▸ **Input records**
--- START ---
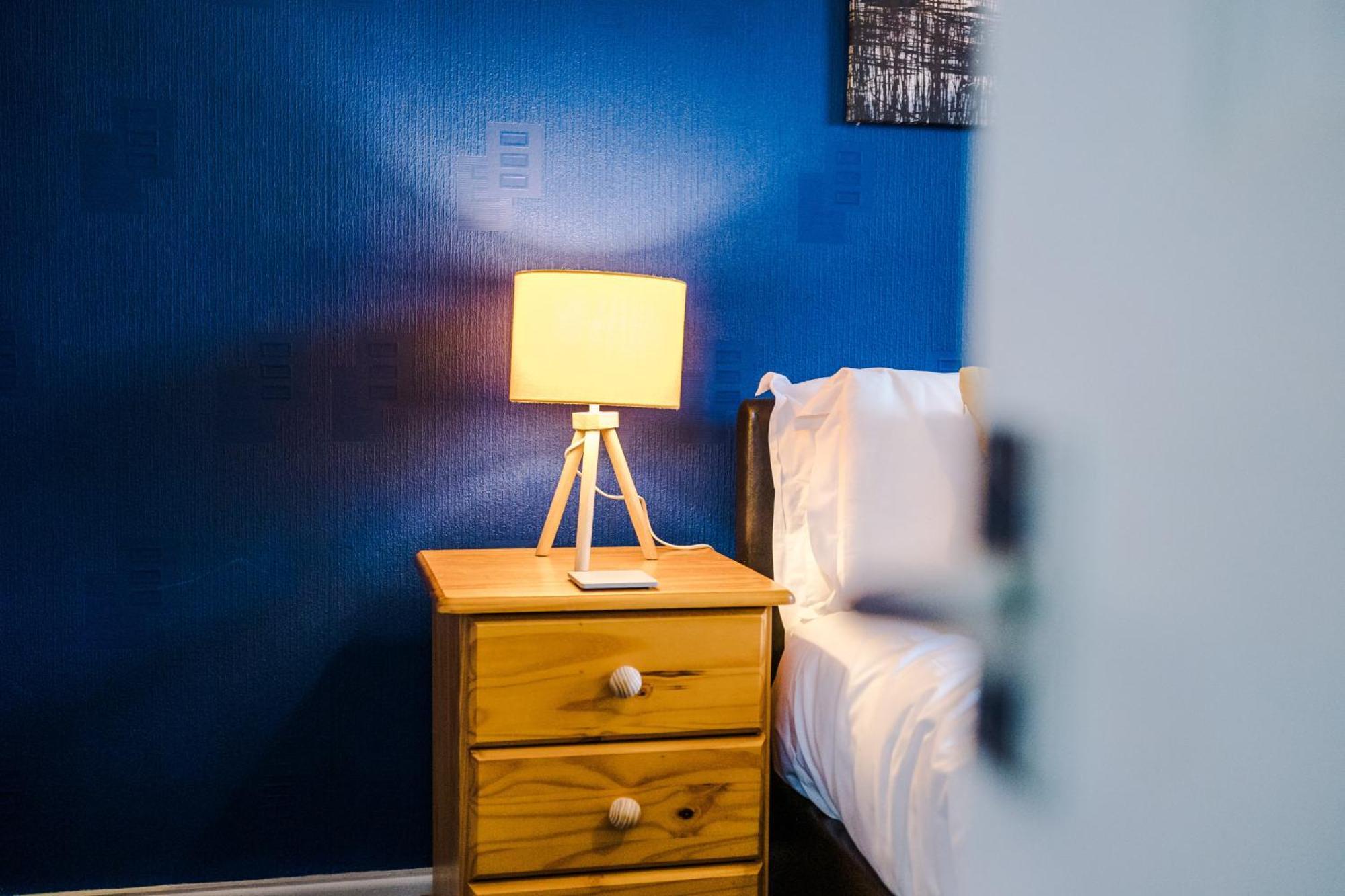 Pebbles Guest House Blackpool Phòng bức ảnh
--- END ---
--- START ---
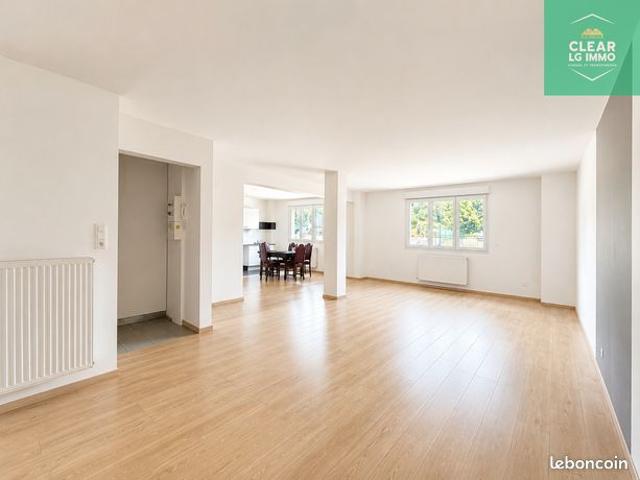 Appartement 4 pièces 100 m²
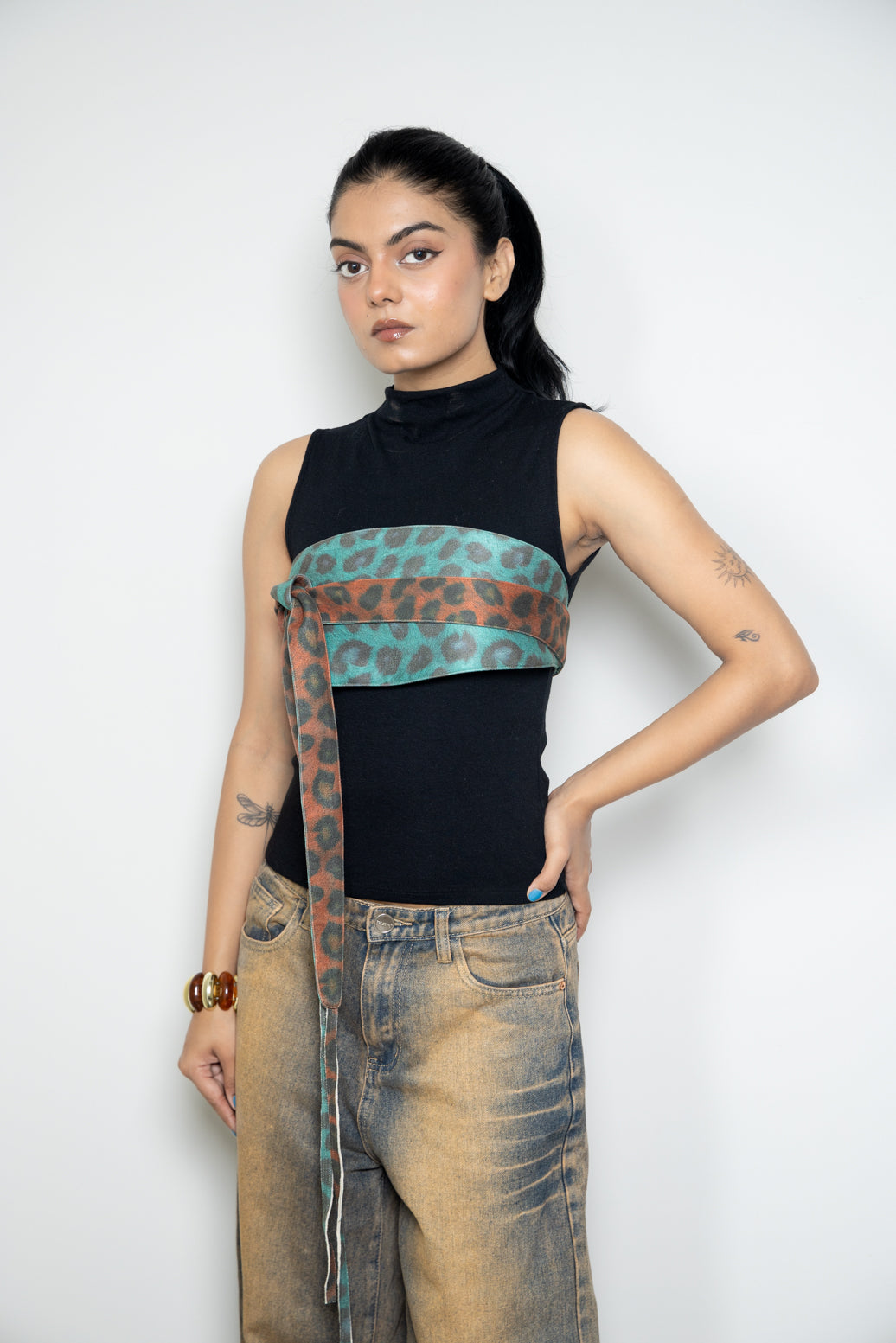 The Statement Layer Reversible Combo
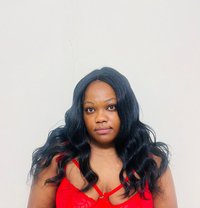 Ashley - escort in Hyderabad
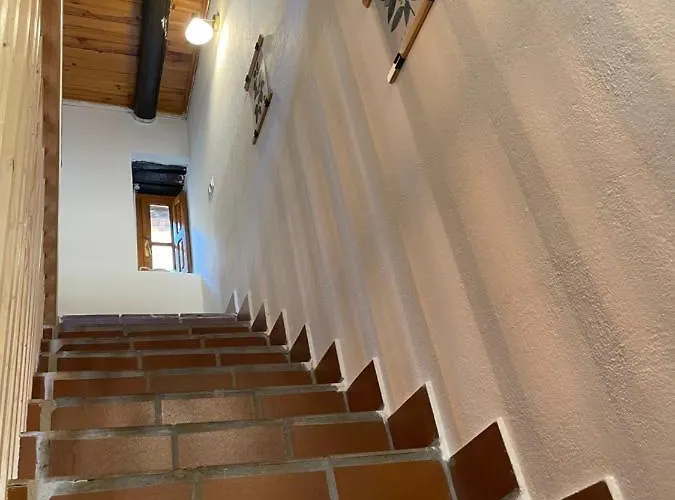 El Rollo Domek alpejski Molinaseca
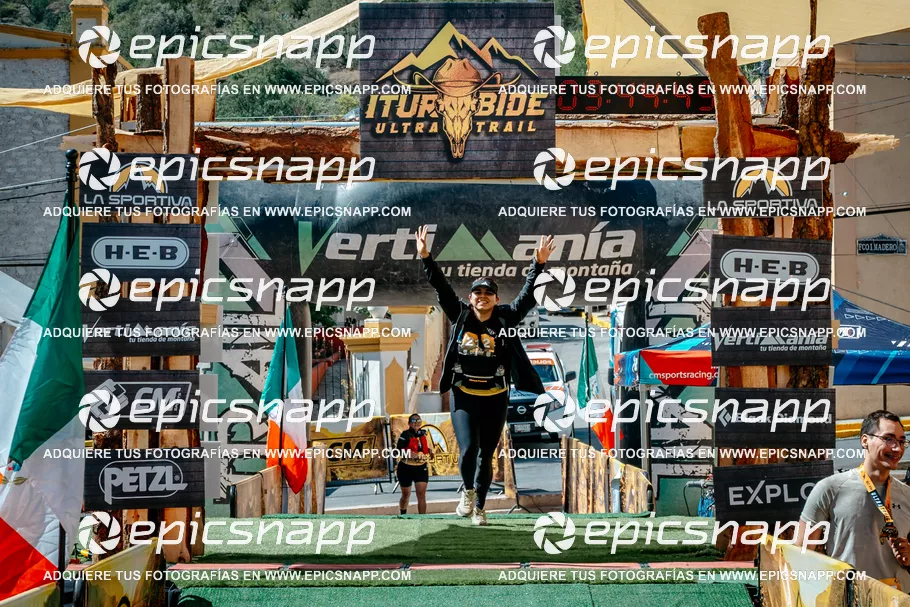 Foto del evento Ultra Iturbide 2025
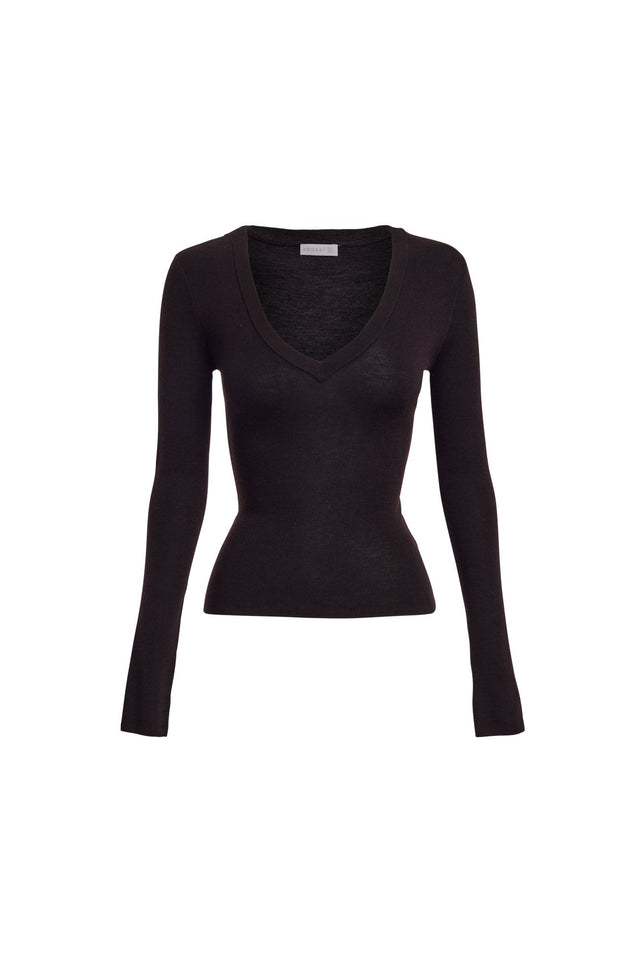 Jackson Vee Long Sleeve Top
--- END ---
--- START ---
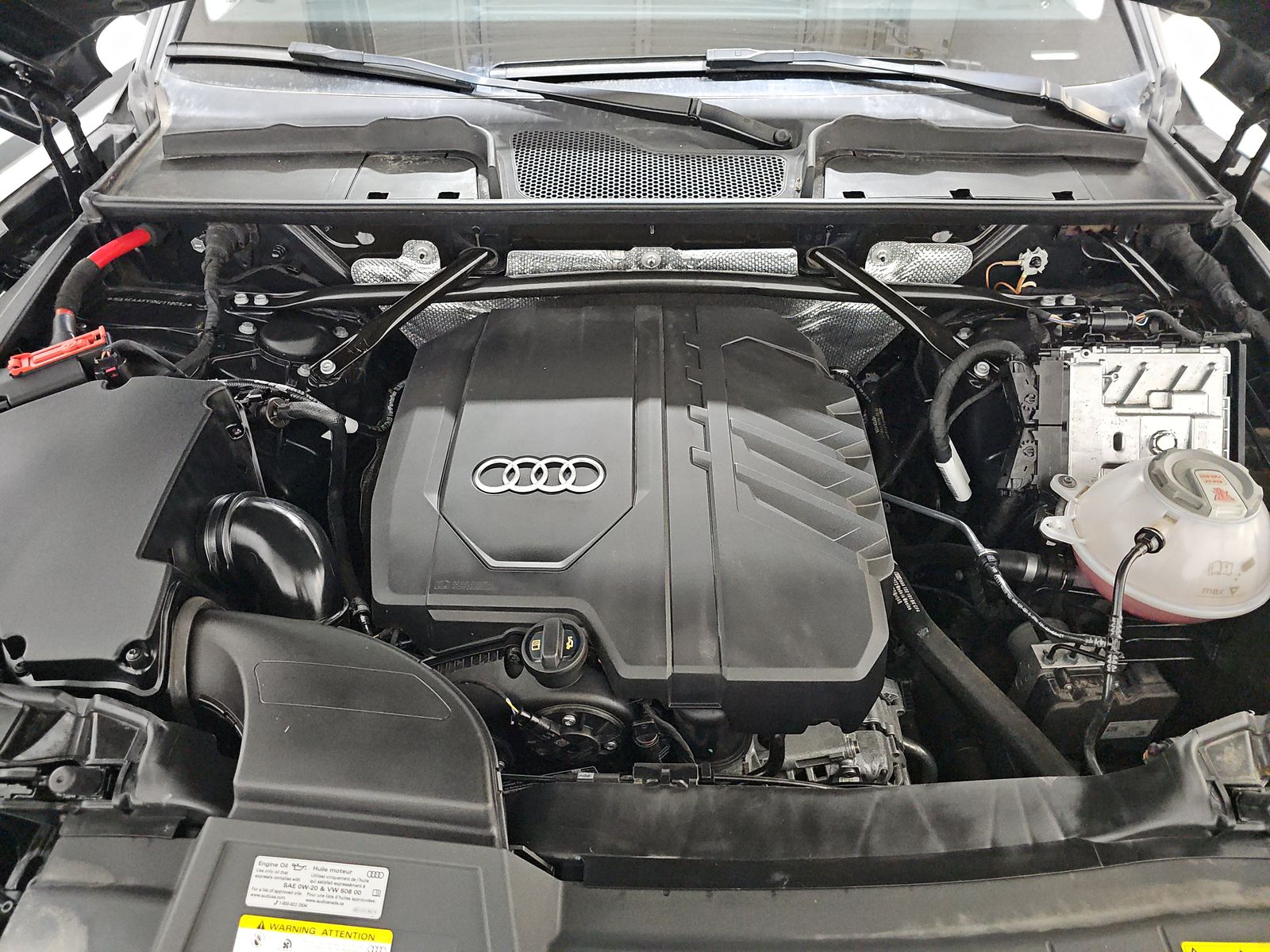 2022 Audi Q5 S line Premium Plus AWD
--- END ---
Those lines of the records above that run from the one containing "Foto del evento Ultra Iturbide 2025" through the one containing "Jackson Vee Long Sleeve Top" should be returned exactly, with no pictures among them.

▸ **Solution**
 Foto del evento Ultra Iturbide 2025
 Jackson Vee Long Sleeve Top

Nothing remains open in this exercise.